* _Work instruction_: Without any of the pictures, transcribe all the lines below exactly.

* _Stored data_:
□ □ □ □ □

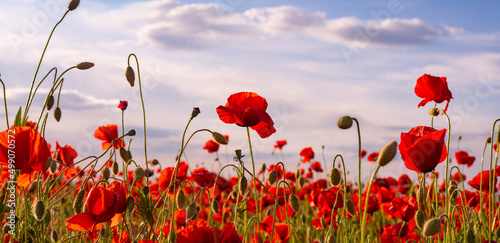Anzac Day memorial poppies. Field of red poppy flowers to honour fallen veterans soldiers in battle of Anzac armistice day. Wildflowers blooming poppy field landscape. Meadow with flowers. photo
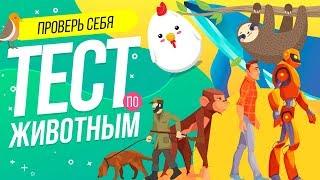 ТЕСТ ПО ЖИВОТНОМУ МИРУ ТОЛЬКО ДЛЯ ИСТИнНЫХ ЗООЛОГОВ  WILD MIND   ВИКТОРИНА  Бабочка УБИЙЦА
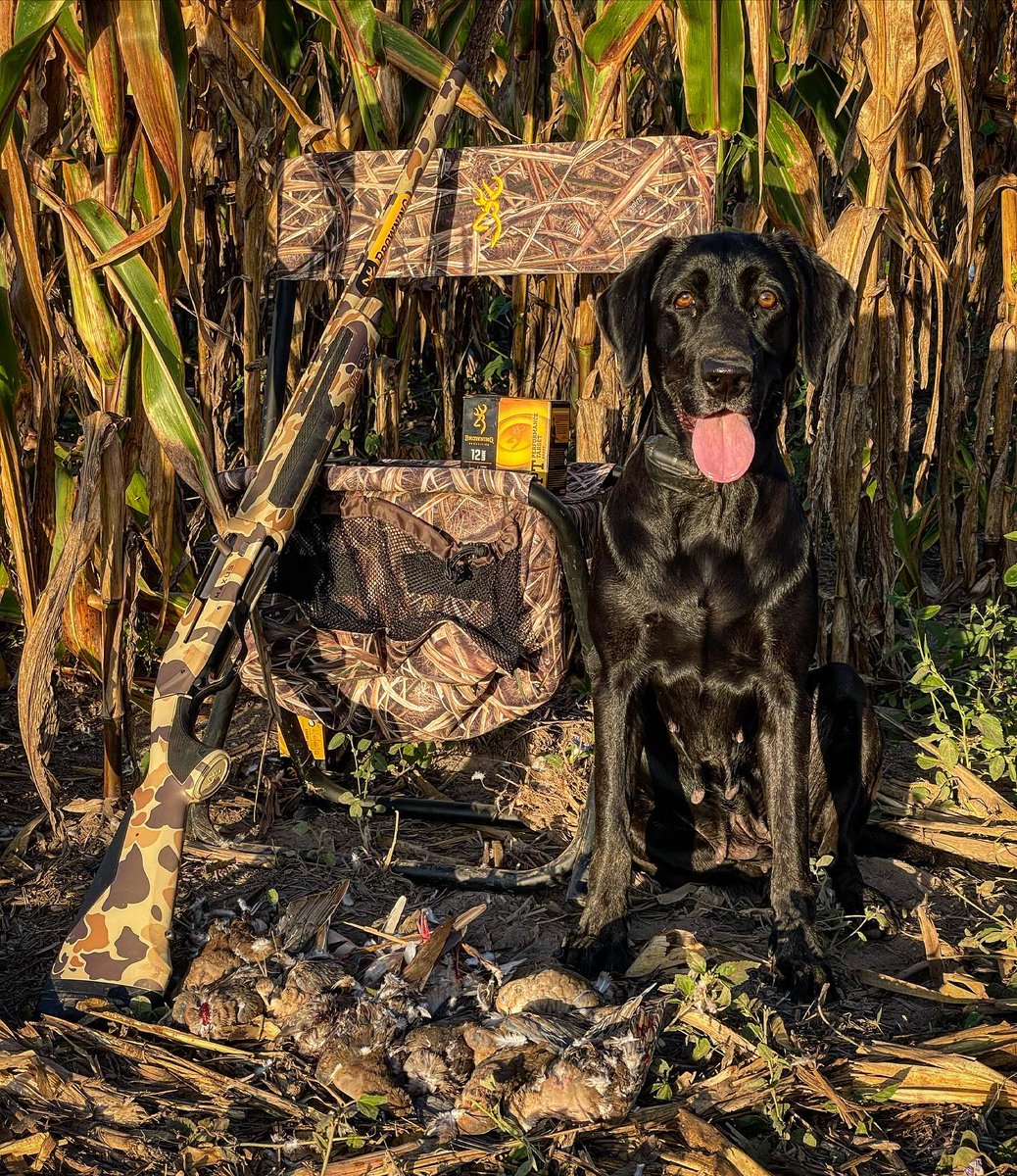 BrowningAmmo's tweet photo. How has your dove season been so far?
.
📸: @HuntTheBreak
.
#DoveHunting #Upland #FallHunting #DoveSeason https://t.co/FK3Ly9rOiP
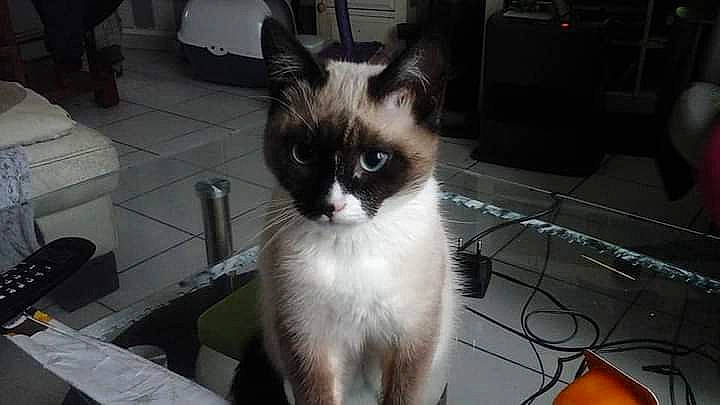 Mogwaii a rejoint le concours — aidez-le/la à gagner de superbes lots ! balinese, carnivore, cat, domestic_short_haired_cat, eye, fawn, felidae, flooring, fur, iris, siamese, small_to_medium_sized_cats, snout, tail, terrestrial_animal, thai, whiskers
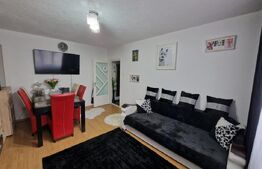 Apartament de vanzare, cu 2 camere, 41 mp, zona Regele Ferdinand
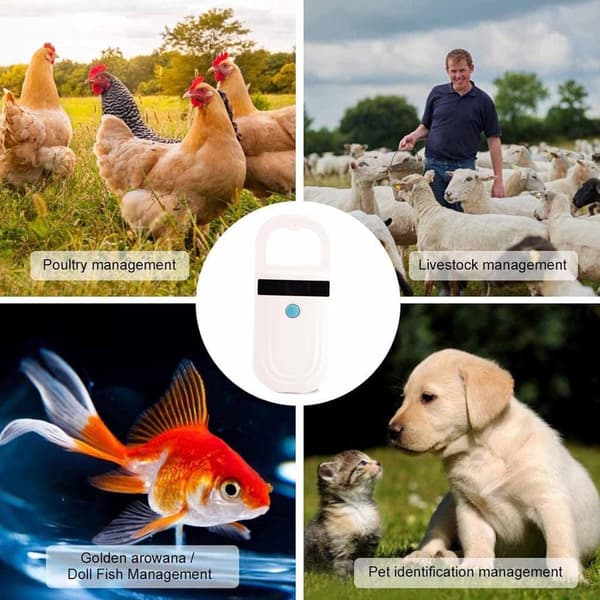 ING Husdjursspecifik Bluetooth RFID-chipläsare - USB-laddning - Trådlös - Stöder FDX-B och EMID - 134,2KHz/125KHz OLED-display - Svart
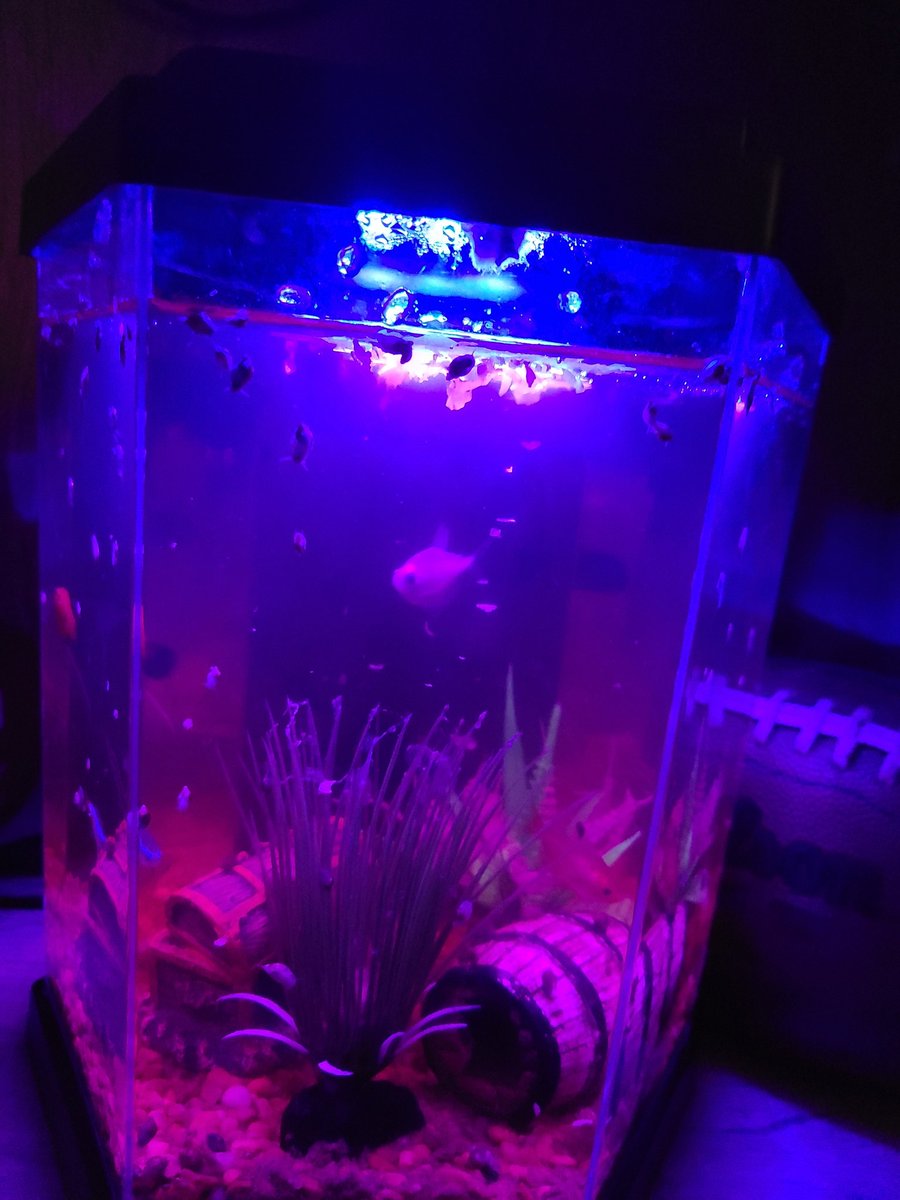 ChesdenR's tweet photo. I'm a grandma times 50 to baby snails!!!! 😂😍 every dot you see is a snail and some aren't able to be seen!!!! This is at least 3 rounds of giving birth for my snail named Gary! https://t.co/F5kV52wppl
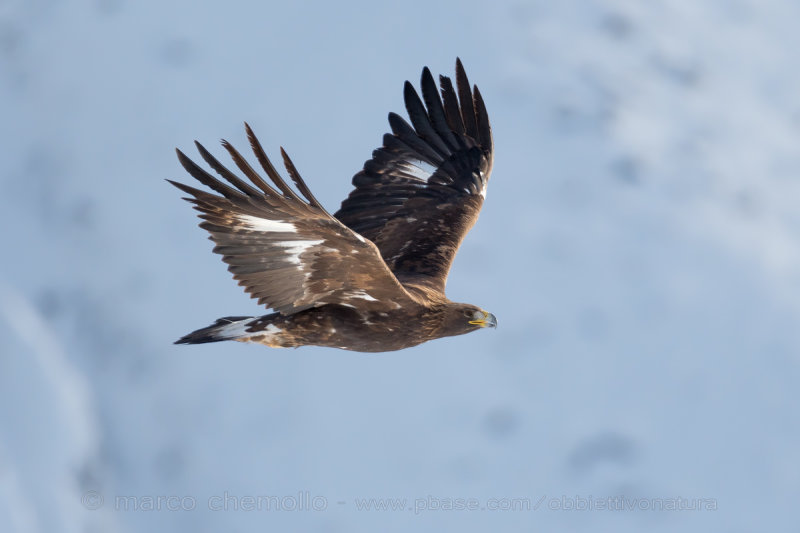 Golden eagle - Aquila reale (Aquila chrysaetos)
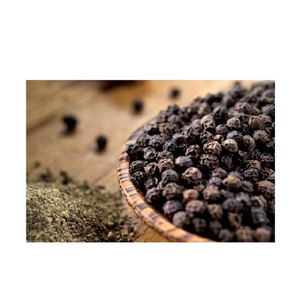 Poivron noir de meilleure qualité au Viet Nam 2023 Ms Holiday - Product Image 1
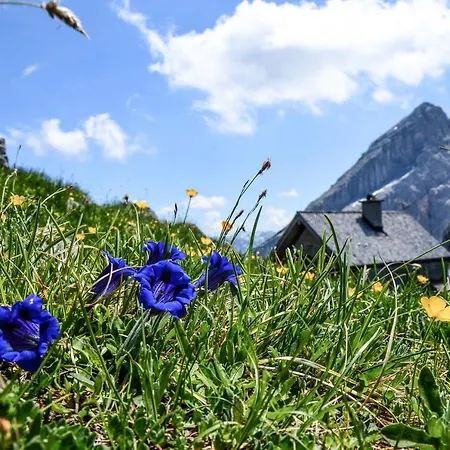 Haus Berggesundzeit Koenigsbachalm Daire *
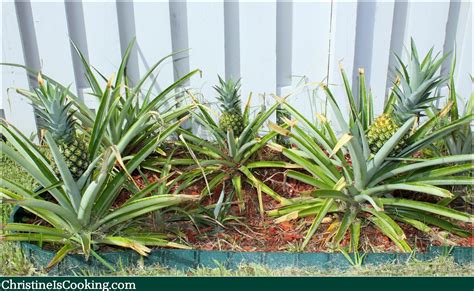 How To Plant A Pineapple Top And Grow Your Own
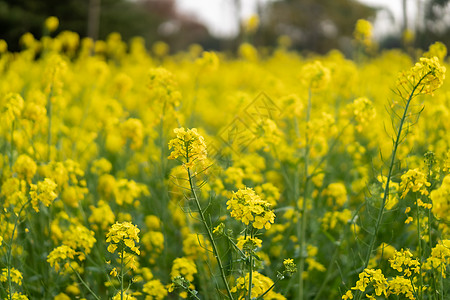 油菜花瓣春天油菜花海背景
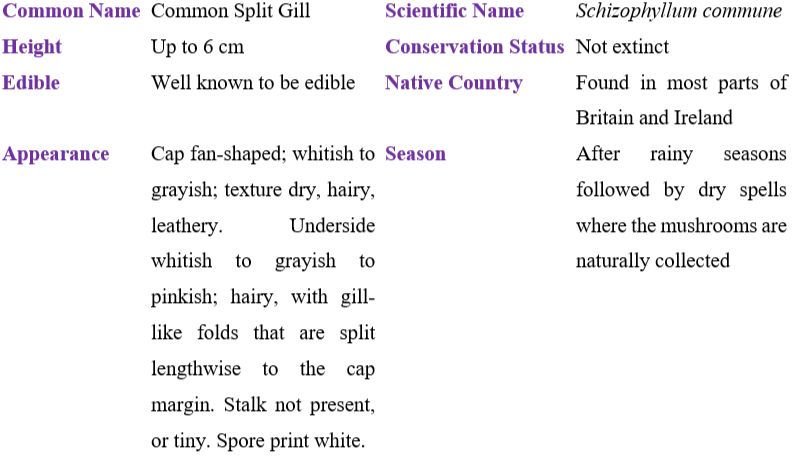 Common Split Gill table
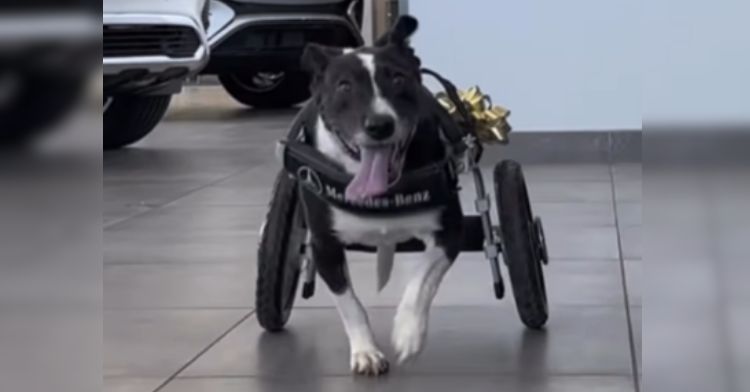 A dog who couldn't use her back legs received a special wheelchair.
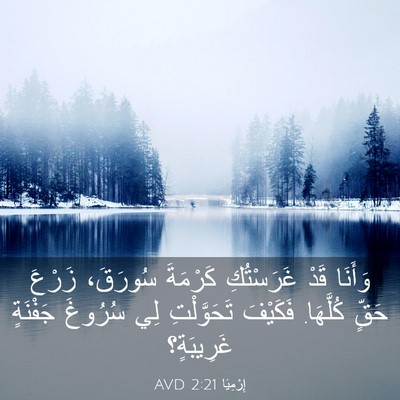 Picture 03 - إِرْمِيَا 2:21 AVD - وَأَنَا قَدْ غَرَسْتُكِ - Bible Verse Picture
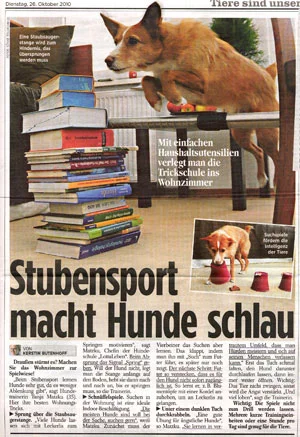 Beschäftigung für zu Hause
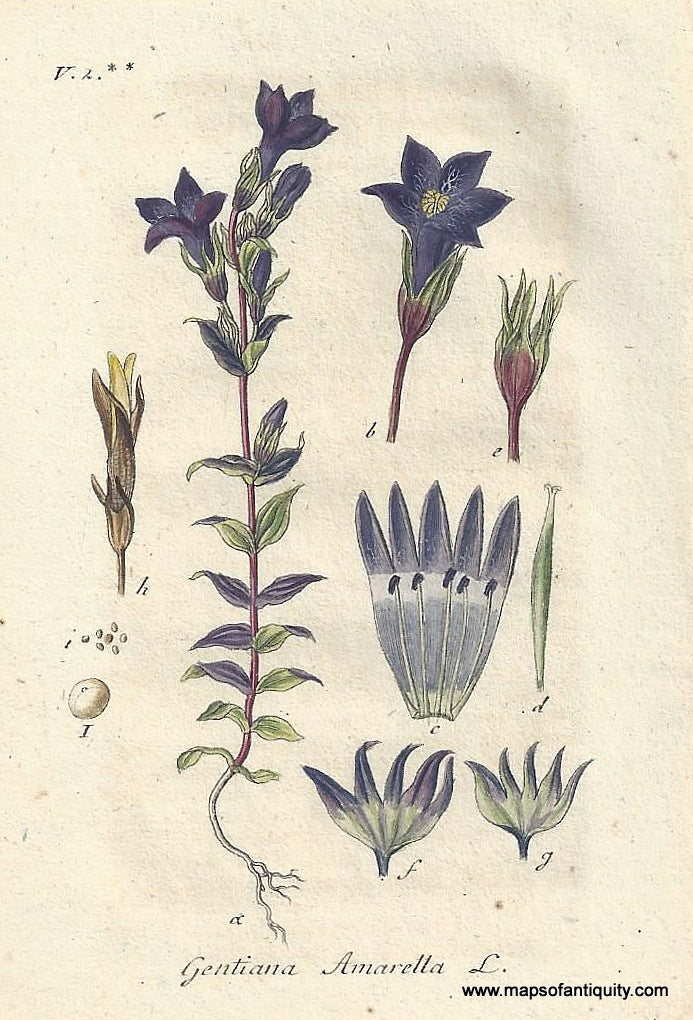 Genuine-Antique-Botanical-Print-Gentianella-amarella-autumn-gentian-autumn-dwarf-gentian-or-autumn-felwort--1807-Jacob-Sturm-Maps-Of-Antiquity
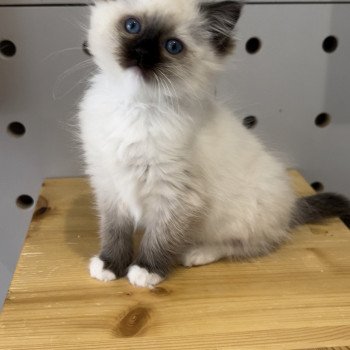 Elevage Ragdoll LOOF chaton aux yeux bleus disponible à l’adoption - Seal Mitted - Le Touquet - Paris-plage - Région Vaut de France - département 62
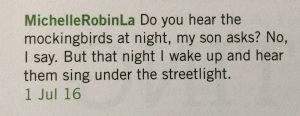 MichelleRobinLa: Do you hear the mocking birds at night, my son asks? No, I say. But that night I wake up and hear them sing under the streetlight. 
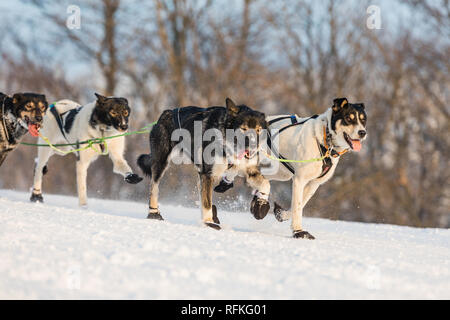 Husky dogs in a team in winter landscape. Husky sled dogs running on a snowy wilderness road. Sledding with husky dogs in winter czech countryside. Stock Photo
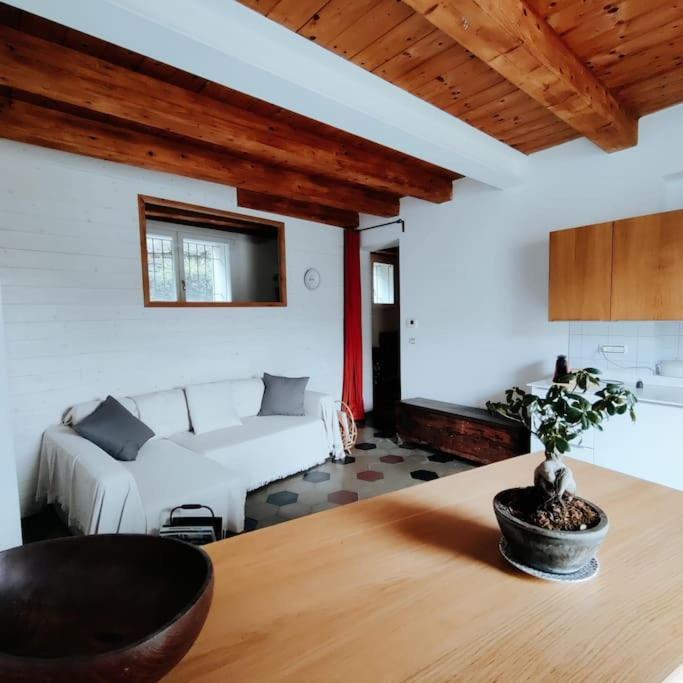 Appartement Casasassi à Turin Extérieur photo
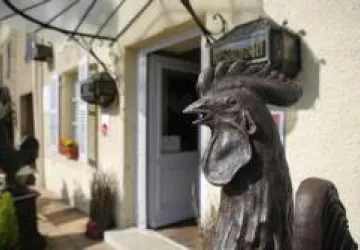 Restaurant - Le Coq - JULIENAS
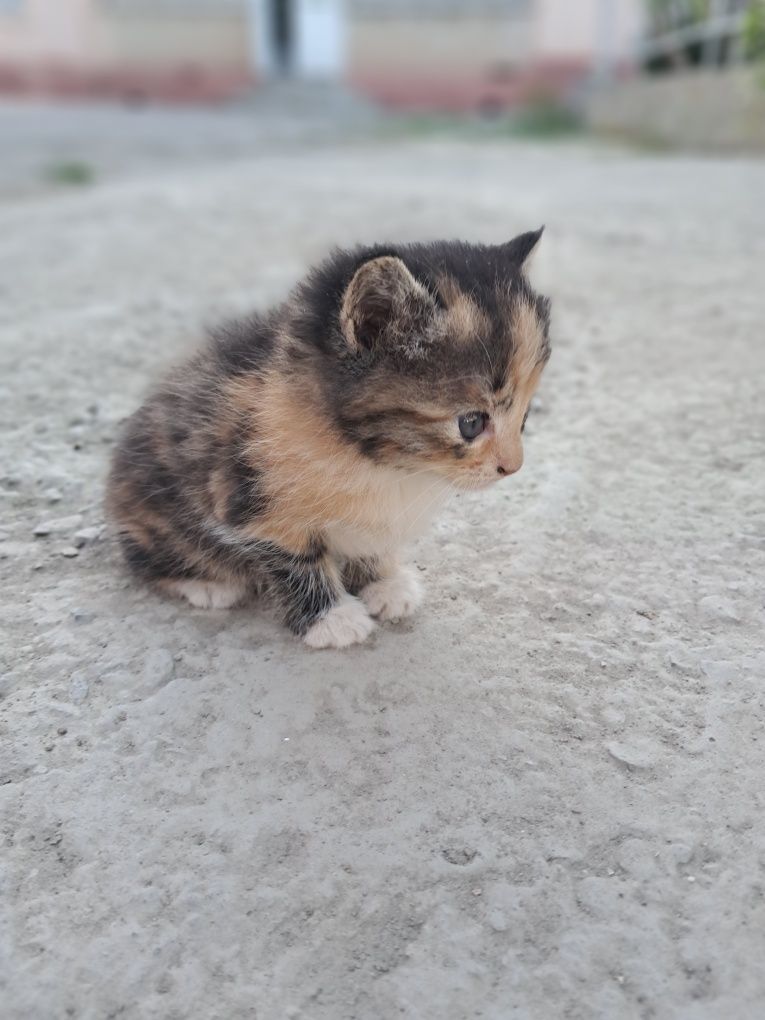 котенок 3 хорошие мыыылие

□ □ □ □ □

* _Output of the task_:
Anzac Day memorial poppies. Field of red poppy flowers to honour fallen veterans soldiers in battle of Anzac armistice day. Wildflowers blooming poppy field landscape. Meadow with flowers. photo
 ТЕСТ ПО ЖИВОТНОМУ МИРУ ТОЛЬКО ДЛЯ ИСТИнНЫХ ЗООЛОГОВ  WILD MIND   ВИКТОРИНА  Бабочка УБИЙЦА
 BrowningAmmo's tweet photo. How has your dove season been so far?
.
📸: @HuntTheBreak
.
#DoveHunting #Upland #FallHunting #DoveSeason https://t.co/FK3Ly9rOiP
 Mogwaii a rejoint le concours — aidez-le/la à gagner de superbes lots ! balinese, carnivore, cat, domestic_short_haired_cat, eye, fawn, felidae, flooring, fur, iris, siamese, small_to_medium_sized_cats, snout, tail, terrestrial_animal, thai, whiskers
 Apartament de vanzare, cu 2 camere, 41 mp, zona Regele Ferdinand
 ING Husdjursspecifik Bluetooth RFID-chipläsare - USB-laddning - Trådlös - Stöder FDX-B och EMID - 134,2KHz/125KHz OLED-display - Svart
 ChesdenR's tweet photo. I'm a grandma times 50 to baby snails!!!! 😂😍 every dot you see is a snail and some aren't able to be seen!!!! This is at least 3 rounds of giving birth for my snail named Gary! https://t.co/F5kV52wppl
 Golden eagle - Aquila reale (Aquila chrysaetos)
 Poivron noir de meilleure qualité au Viet Nam 2023 Ms Holiday - Product Image 1
 Haus Berggesundzeit Koenigsbachalm Daire *
 How To Plant A Pineapple Top And Grow Your Own
 油菜花瓣春天油菜花海背景
 Common Split Gill table
 A dog who couldn't use her back legs received a special wheelchair.
 Picture 03 - إِرْمِيَا 2:21 AVD - وَأَنَا قَدْ غَرَسْتُكِ - Bible Verse Picture
 Beschäftigung für zu Hause
 Genuine-Antique-Botanical-Print-Gentianella-amarella-autumn-gentian-autumn-dwarf-gentian-or-autumn-felwort--1807-Jacob-Sturm-Maps-Of-Antiquity
 Elevage Ragdoll LOOF chaton aux yeux bleus disponible à l’adoption - Seal Mitted - Le Touquet - Paris-plage - Région Vaut de France - département 62
 MichelleRobinLa: Do you hear the mocking birds at night, my son asks? No, I say. But that night I wake up and hear them sing under the streetlight. 
 Husky dogs in a team in winter landscape. Husky sled dogs running on a snowy wilderness road. Sledding with husky dogs in winter czech countryside. Stock Photo
 Appartement Casasassi à Turin Extérieur photo
 Restaurant - Le Coq - JULIENAS
 котенок 3 хорошие мыыылие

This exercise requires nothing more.